*Provided entries:*
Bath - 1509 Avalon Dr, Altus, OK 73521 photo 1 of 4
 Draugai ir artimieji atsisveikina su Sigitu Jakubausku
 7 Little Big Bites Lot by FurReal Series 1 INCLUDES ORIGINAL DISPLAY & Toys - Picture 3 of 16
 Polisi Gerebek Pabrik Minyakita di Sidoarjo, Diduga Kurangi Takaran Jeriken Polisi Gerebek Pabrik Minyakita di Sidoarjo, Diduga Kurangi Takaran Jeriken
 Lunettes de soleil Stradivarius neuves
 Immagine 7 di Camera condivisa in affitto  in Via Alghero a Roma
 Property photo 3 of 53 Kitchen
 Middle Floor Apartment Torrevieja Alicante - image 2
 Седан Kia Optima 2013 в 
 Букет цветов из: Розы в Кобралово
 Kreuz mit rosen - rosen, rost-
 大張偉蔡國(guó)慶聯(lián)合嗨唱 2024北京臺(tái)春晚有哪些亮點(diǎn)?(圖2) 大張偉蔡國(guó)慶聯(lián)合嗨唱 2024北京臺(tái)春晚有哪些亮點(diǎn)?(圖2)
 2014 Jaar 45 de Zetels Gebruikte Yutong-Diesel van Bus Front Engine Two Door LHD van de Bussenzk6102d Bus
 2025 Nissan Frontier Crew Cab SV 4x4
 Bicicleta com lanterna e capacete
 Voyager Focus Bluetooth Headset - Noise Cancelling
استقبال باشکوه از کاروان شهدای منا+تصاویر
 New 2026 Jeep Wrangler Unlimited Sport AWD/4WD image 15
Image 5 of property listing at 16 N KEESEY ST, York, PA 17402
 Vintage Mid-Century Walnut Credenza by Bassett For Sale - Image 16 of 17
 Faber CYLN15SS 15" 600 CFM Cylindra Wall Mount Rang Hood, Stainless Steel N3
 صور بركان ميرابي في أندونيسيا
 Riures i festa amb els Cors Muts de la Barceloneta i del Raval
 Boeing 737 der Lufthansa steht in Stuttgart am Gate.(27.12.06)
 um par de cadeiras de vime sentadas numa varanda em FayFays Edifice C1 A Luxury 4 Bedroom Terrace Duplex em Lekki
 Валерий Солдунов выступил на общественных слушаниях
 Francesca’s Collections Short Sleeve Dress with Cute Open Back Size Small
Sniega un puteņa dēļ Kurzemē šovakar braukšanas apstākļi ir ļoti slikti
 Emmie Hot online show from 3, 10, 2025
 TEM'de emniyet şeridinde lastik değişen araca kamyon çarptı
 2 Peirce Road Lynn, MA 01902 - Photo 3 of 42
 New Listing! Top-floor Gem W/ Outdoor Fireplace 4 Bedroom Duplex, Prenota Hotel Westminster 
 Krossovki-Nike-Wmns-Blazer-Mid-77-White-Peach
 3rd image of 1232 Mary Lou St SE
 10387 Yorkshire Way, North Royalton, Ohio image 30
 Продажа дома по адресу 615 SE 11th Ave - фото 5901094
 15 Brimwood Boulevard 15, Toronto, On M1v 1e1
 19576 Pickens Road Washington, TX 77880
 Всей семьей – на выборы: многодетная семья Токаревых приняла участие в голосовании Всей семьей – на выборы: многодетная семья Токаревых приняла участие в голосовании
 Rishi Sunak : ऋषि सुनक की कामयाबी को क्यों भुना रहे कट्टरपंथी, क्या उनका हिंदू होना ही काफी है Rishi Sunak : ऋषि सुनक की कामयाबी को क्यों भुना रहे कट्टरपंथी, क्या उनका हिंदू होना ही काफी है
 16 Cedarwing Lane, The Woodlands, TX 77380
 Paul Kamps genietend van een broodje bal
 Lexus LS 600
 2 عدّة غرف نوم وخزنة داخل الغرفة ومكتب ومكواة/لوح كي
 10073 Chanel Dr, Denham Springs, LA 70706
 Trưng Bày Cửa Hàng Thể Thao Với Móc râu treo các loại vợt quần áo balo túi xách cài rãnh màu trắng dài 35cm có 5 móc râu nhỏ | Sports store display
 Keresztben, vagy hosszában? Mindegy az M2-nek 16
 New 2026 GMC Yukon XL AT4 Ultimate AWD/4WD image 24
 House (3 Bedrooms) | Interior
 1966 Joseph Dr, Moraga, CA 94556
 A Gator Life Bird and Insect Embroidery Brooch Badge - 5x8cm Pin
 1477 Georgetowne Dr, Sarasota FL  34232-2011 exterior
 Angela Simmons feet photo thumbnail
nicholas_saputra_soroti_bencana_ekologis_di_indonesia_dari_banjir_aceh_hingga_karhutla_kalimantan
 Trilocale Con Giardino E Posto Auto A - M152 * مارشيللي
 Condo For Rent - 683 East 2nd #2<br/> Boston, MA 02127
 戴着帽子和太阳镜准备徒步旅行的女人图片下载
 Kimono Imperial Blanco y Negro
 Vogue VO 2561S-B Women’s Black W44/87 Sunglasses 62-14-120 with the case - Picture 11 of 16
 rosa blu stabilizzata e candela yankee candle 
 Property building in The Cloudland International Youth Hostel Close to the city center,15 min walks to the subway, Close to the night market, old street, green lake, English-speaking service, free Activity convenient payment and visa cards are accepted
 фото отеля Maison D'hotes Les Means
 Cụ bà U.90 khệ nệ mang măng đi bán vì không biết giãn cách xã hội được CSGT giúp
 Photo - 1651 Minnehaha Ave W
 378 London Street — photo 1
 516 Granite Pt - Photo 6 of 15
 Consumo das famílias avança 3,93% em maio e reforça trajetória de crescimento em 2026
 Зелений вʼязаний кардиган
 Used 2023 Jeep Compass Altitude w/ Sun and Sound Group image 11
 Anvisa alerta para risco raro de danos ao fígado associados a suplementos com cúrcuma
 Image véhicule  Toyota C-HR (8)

*Task details:* Return each line of the data that contains the string "фото".

*Task solution:*
 Продажа дома по адресу 615 SE 11th Ave - фото 5901094
 фото отеля Maison D'hotes Les Means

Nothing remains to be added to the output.